§ Work to be completed: Your result should be every line of the records below that contains the word "Kids".

§ The data:
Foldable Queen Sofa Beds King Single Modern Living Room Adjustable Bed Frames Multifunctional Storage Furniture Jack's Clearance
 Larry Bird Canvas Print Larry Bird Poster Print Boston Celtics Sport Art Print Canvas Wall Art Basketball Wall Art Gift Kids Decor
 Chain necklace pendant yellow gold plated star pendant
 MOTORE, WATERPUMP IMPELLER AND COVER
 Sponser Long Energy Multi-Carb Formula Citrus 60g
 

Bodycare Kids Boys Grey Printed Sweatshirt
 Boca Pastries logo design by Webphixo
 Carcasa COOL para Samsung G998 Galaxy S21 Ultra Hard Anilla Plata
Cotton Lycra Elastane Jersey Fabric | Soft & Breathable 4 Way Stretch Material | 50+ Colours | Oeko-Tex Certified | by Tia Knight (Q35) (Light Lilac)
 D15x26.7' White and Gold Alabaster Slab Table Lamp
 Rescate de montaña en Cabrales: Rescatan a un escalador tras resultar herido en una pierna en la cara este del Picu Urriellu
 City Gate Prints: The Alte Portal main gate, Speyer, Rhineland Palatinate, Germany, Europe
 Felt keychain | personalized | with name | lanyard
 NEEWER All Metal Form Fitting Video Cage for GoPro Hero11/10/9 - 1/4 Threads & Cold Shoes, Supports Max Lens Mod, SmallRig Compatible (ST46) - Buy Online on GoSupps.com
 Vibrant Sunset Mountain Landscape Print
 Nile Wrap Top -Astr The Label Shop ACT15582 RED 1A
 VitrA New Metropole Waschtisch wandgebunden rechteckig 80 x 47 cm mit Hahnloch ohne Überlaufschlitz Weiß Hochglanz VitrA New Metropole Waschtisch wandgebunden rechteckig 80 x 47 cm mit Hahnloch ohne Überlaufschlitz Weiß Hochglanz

§ Result of the task:
 Larry Bird Canvas Print Larry Bird Poster Print Boston Celtics Sport Art Print Canvas Wall Art Basketball Wall Art Gift Kids Decor
Bodycare Kids Boys Grey Printed Sweatshirt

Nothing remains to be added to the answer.